How the money was shared
“Investigation further revealed that N18.8 billion was paid to a group known as Revenue Mobilization, Allocation and Fiscal Commission.
“This group was represented by one of the commissioners of the agency, in the person of Chris Akomas, a former deputy governor of Abia State. This amount was withdrawn and converted to US dollars by the 2nd defendant and handed over to Chris Akomas.
“The second group is the Accountant-General’s group which got a total of N18.01 billion, out of which the 2nd defendant, Mr. Akindele, gave the equivalent of N1.8 billion in US dollars to the 3rd defendant
“Also from the money, N1.07 billion was transferred from Olusegun Akindele and Co’s FirstBank account to the Zenith Bank account of UYK Nigerian Ltd, on the instruction of the 1st defendant.
“Investigation established that UYK Nigeria Ltd is a company owned by a certain Usman Kansila, a known associate of the 1st defendant. The balance of N15.1 billion was converted to US dollars and handed over to the 1st defendant by the 2nd defendant.
“Upon investigation into why these payments were made, it was revealed that the funds were used in the construction of Gezawa Commodity Market and Exchange Ltd, located in Gezawa city in Kano State.
“The third group, which was called group of Commissioners of Finance in the nine oil producing states, received 2.5 per cent equivalent of N21.4 billion.
“The amount was withdrawn by the 2nd defendant, Akindele, converted to US dollars and handed over to the same Chris Akomas on behalf of that group.
“The 4th group, called Yari group, received N17.15 billion. The entirety of the sum was transferred to the account of Finex Professional Services on the instruction of the representative of this group, Abdulaziz Yari, the former governor of Zamfara State.
“The remaining 1.054 per cent equivalent of N8.9 billion was retained by the 2nd defendant, Akindele.
“Furthermore, 0.5 per cent of the 1.054 per cent, equivalent of N4.29 billion was converted to US dollars by the 2nd defendant and handed over to the 1st defendant as appreciation for the consultancy service.
“The balance of N4.6bn, representing 0.54 per cent was what was finally the share of the 2nd defendant, Akindele.
“My lord, we invited all the defendants, they reported and volunteered their statements under word of caution.
“They admitted receiving these monies and investigation is still underway to recover funds paid to Chris Akomas, ex-governor Yari and co.”
Meanwhile, move by the prosecution counsel, Jacobs, SAN, to tender the confessional statements of the defendants in evidence, met stiff opposition by their respective lawyers who begged the court for time to consult their clients.
The defence lawyers, led by Chris Uche, SAN, lamented that they had not been able to get proper briefing from their clients who had been on remand at the Kuje prison.
Consequently, Justice Adeyemi Ajayi, adjourned the matter till August 10, even as she admitted both the petition against the ex-AGF as well as bank statements into evidence and marked them as exhibits.
Ex-AGF secures N5bn bail
Earlier in the proceedings, the court, granted the former AGF bail in the sum of N5 billion, with two sureties, which it stressed must be a Director and a Permanent Secretary.
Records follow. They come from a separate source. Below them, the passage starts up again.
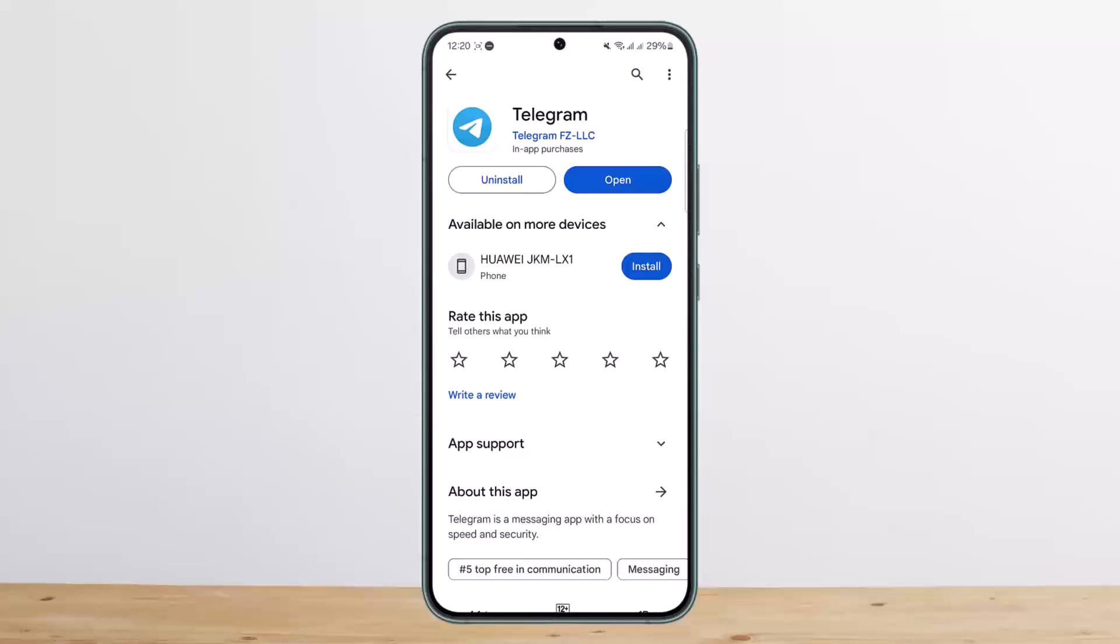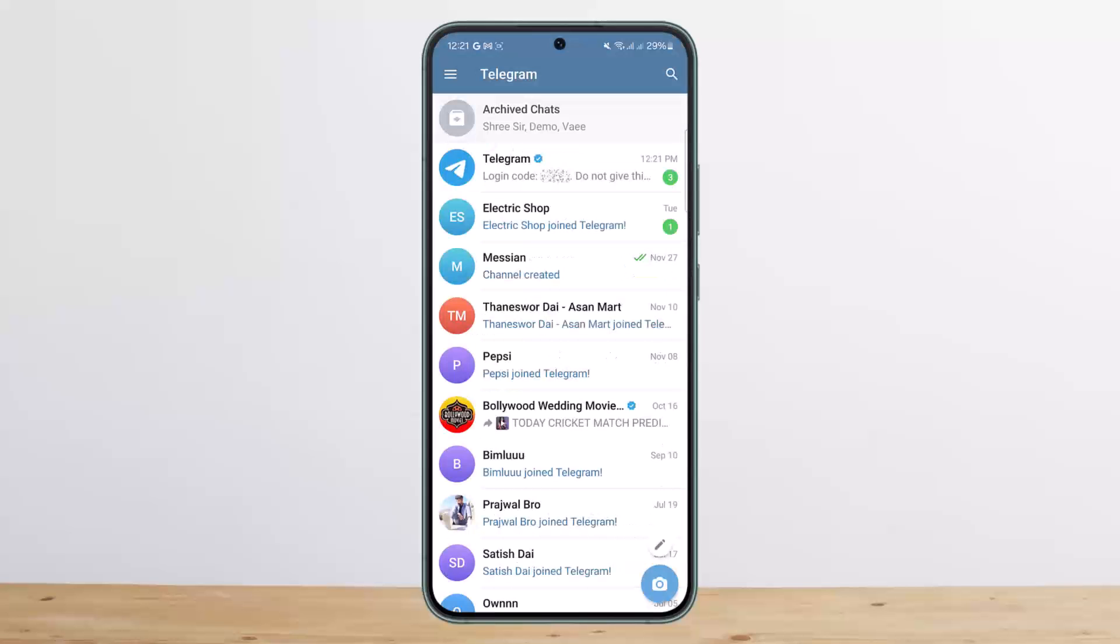The process itself is quite simple and easy, so let me guide you through. First things first, you want to open up Telegram and log into your account.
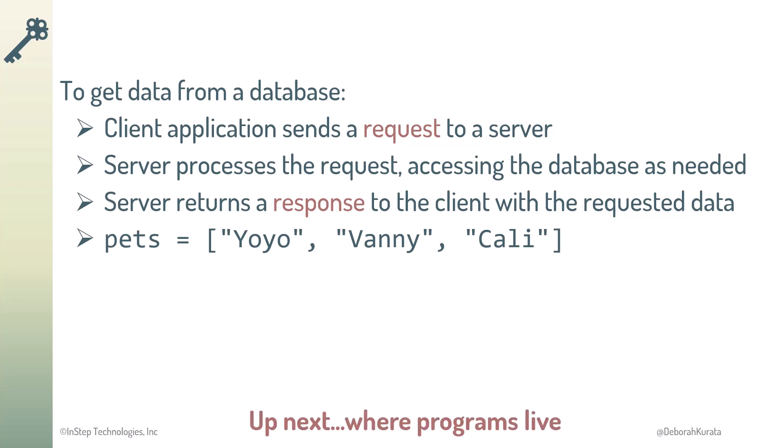Next, let's talk more about clients and servers, and where our programs live.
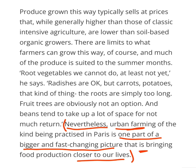So what about urban farming? Urban farming is one part of a bigger and fast-changing picture. This is one part of the whole ecosystem. Urban farming has been practiced — there is one part of a bigger and fast-changing picture. And that is bringing food production closer to our lives. This is the food production closer to our lives.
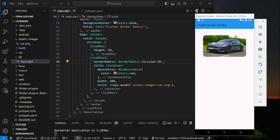As you can see, the border radius is successfully applied to the image. This is the first way, where you wrap the container widget with a new widget. Now if you want to keep the border radius value in the container widget, you can follow the second way.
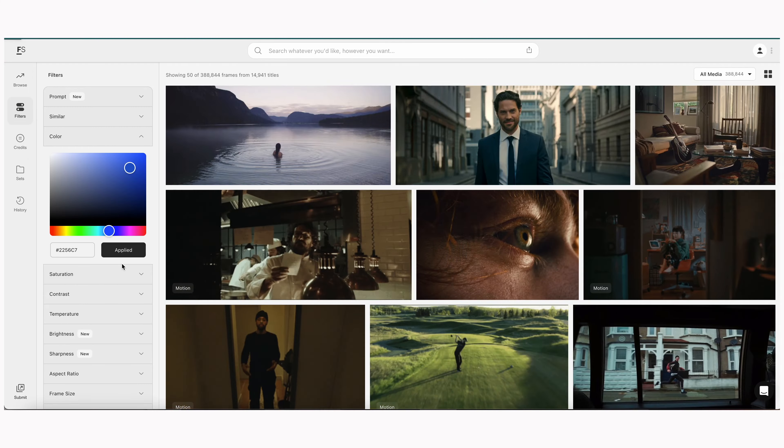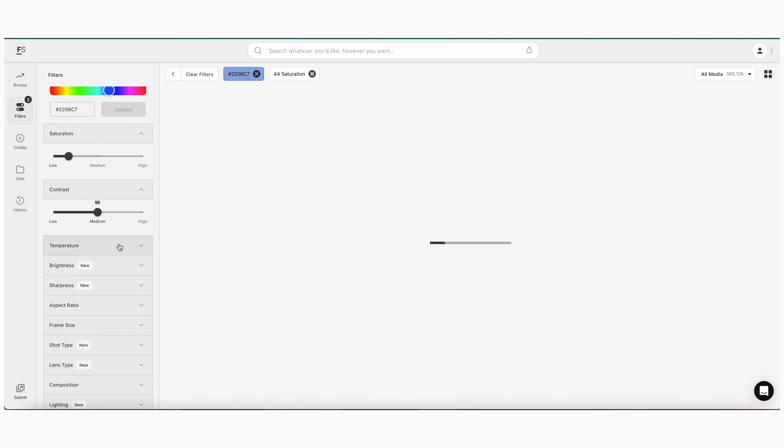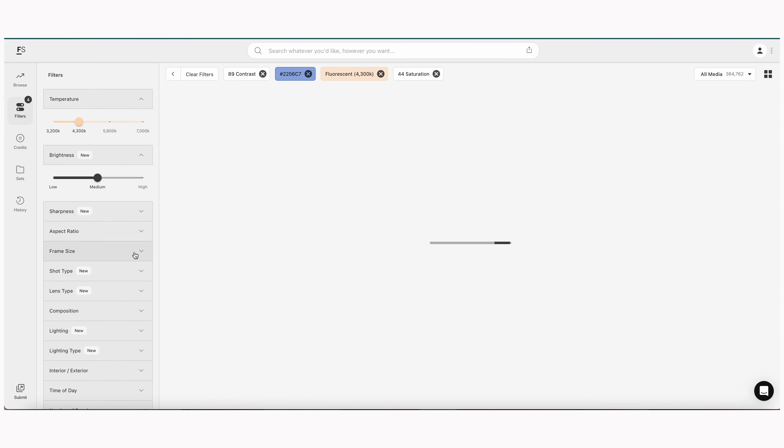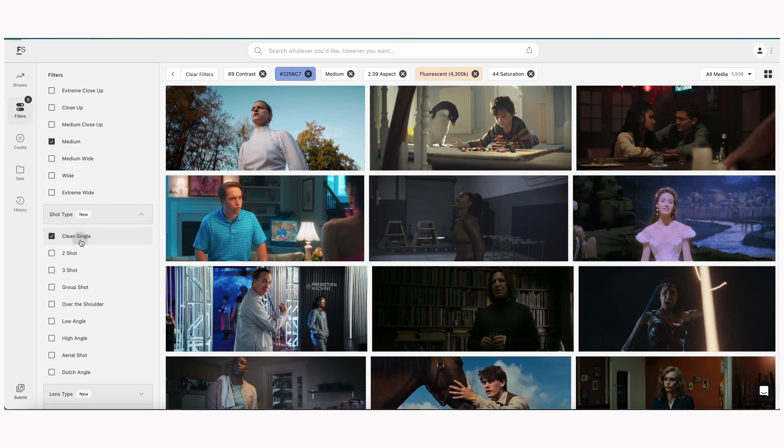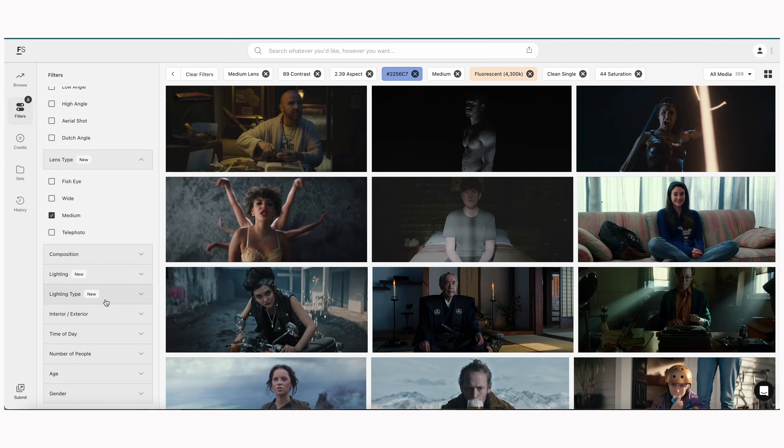Today I want to talk about my favorite cinematography tool that's actually not a piece of camera equipment at all — and that's Frameset. There's two different ways I use Frameset and I'm going to get into both of them.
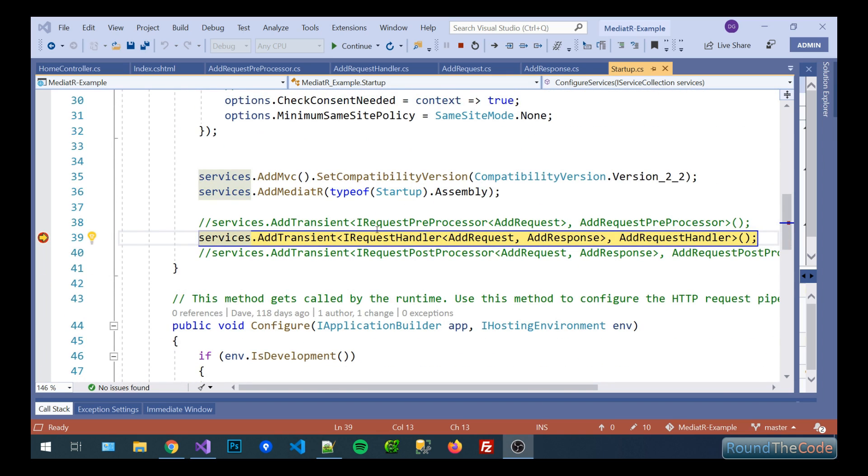So as you can see here what I've highlighted is we've got a request handler which relies on the request and the response. Just to tell you that I'm using the mediator package mediator without the O on the end and that's by Jimmy Bogard you can find it in NuGet.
The court equally granted the 2nd and 3rd defendants bail in the sum of N2 billion each with two sureties that must be Directors.
Justice Ajayi said she was inclined to adopt all the terms and conditions of the administrative bail the EFCC previously gave to the defendants.
As part of conditions, the defendants, were barred from travelling out of Abuja, even as they were ordered to surrender their international passports and undertake not to procure alternate passports during the pendency of the case.
The defendants were equally ordered to depose to an affidavit of assurance to abide by all their bail conditions.
Justice Ajayi held that they should remain in Kuje prison until all the bail conditions are perfected.